BGH: Nur sozialüblichen Kinderlärm müssen Ihr Nachbarn hinnehmen!
Wenn Sie Kinder haben wird es auch bei Ihnen so sein: In der kalten Jahreszeit verlegen die Kinder ihre Spieltätigkeit vom Kinderspielplatz oder Bolzplatz nach drinnen. In Zeiten von Corona werden zusätzlich noch viele Schüler zu Hause unterrichtet oder Kindergartenkinder dort betreut. Mit anderen Worten: Vielfach sind Kinder den ganzen Tag zu Hause, so dass es dort durchaus lauter werden kann. Darüber freut sich nicht jeder Nachbar. Wenn Sie jetzt befürchten, dass Ihre Miteigentümer Sie wegen Ruhestörung verklagen, sollten Sie das folgende Urteil des BGH kennen (Urteil v. 22.08.17, Az. VIII ZR 226/17). Das Urteil ist zwar schon älteren Datums, gewinnt aber angesichts der Tatsache, dass Ihre Kinder sich wegen der Corona-Pandemie deutlich mehr in der Wohnung aufhalten als sonst, aktuelle Bedeutung für Sie.

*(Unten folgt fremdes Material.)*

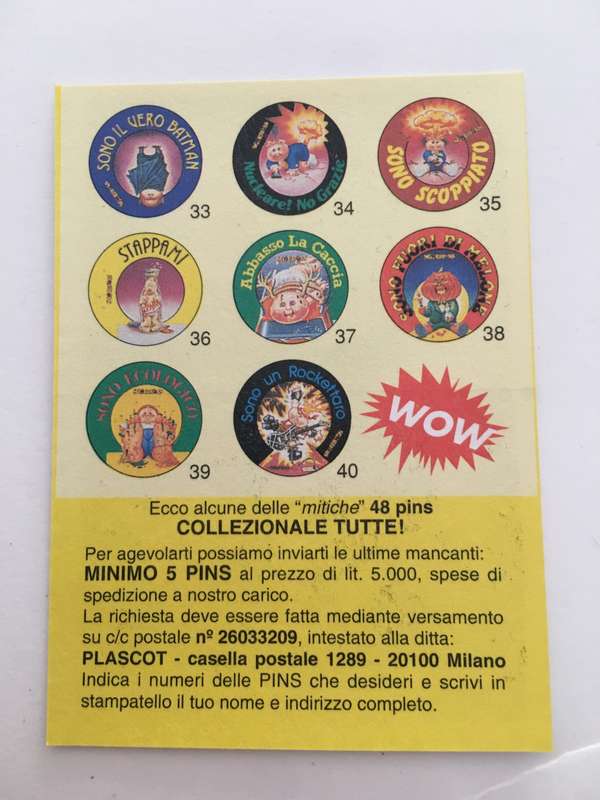 VINTAGE ITALIAN MINT SET OF 2 GARBAGE PAIL KIDS - 1989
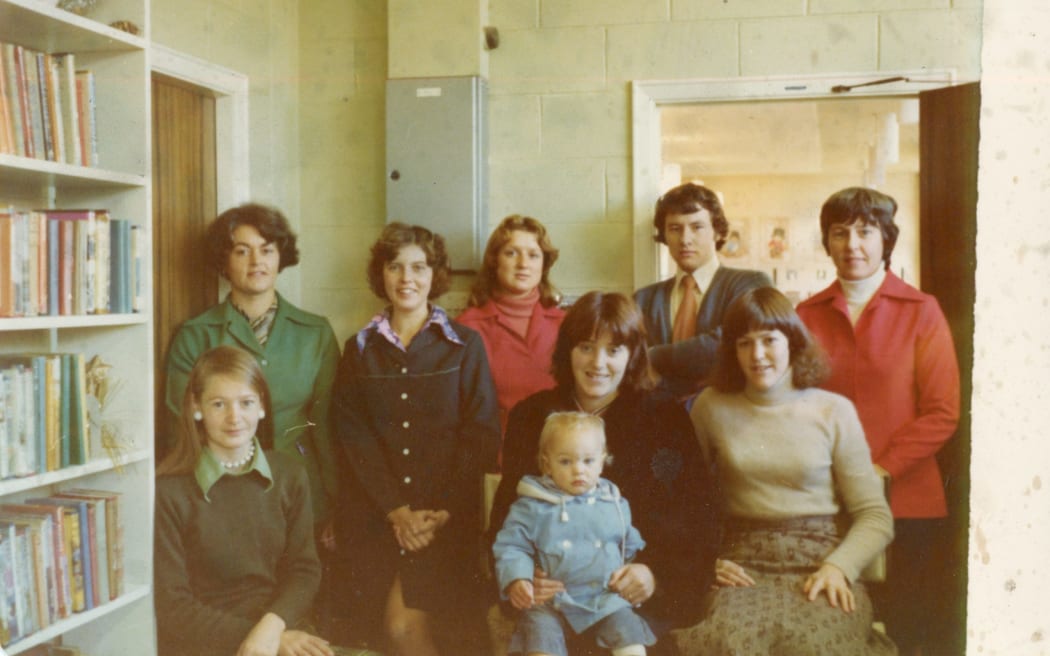 Jill (front left) with the other library staff shortly after she became library manager.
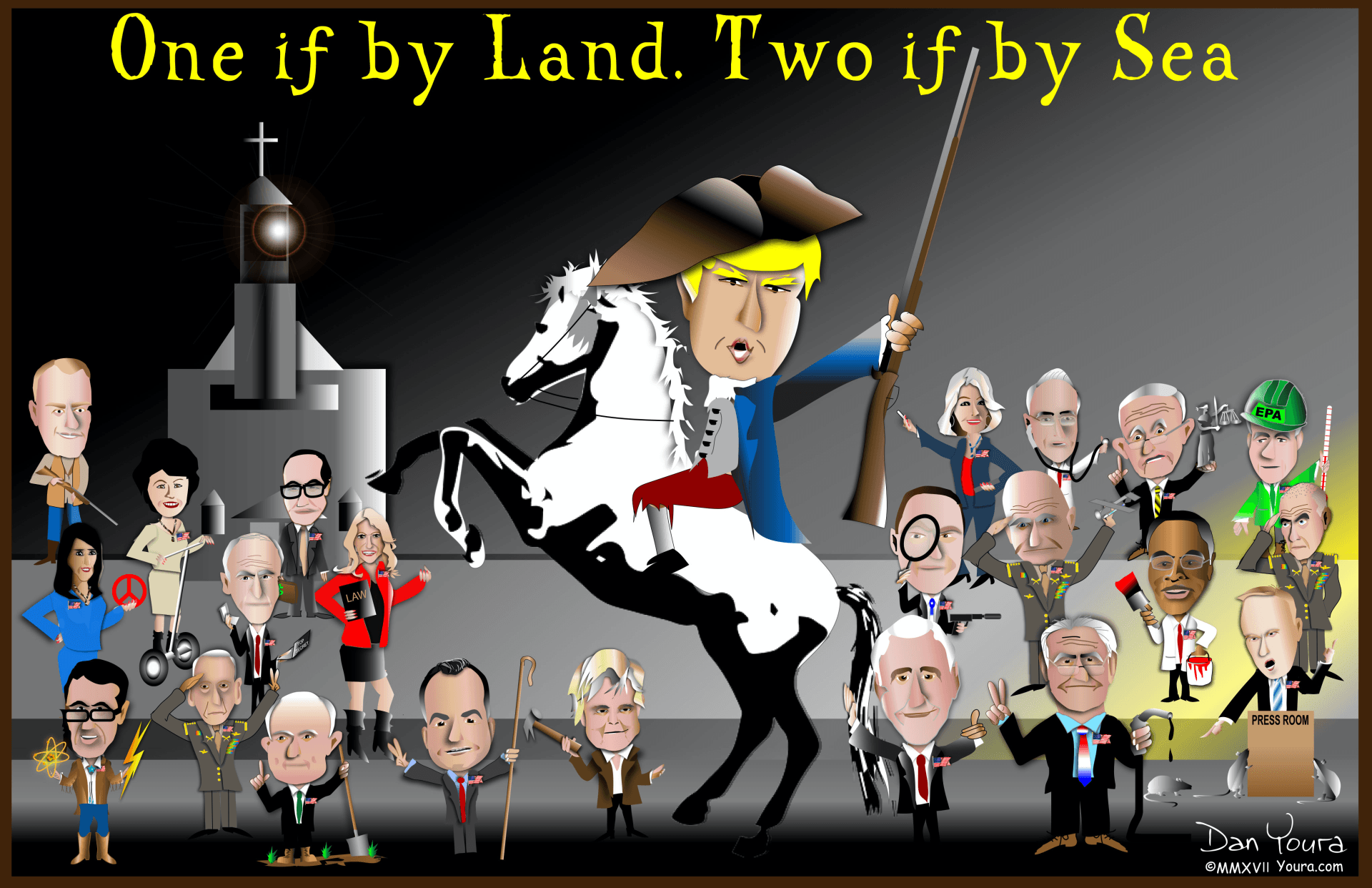 Political cartoon of a blond rider on a white horse, surrounded by caricatured people and a lighthouse, with “One if by Land. Two if by Sea.”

Mieterin beschwerte sich über massive Lärmstörungen
Im entschiedenen Fall beschwerte sich die Mieterin einer Wohnung in einem Mehrfamilienhaus über erheblichen Kinderlärm aus der Wohnung über ihr. Sie führte mit Hilfe eines Lärmprotokolls an, dass es fast täglich, auch an Sonn- und Feiertagen sowie zu Ruhezeiten, zu massiven Lärmstörungen durch heftiges Stampfen, Springen, Poltern und durch Schreie und sonstige lautstarke und aggressive familiäre Auseinandersetzungen kam. Die Störungen traten insbesondere zwischen 6 und 8 Uhr sowie 17 und 20 Uhr auf. Die Mieterin klagte aufgrund dessen gegen die Vermieterin auf Beseitigung der Lärmstörung und auf Feststellung eines Mietminderungsrechts in Höhe von 50 %.
Nur übertriebener Kinderlärm ist untersagbar
In seinem Urteil wies der Bundesgerichtshof ausdrücklich darauf hin, dass in einem Mehrfamilienhaus üblicher Kinderlärm grundsätzlich als sozialadäquat hingenommen werden muss. Daher liegt bei Kinderlärm, der sich im Rahmen des Üblichen hält, kein Mietmangel vor (§ 536 BGB) und er muss auch nicht unterlasen werden.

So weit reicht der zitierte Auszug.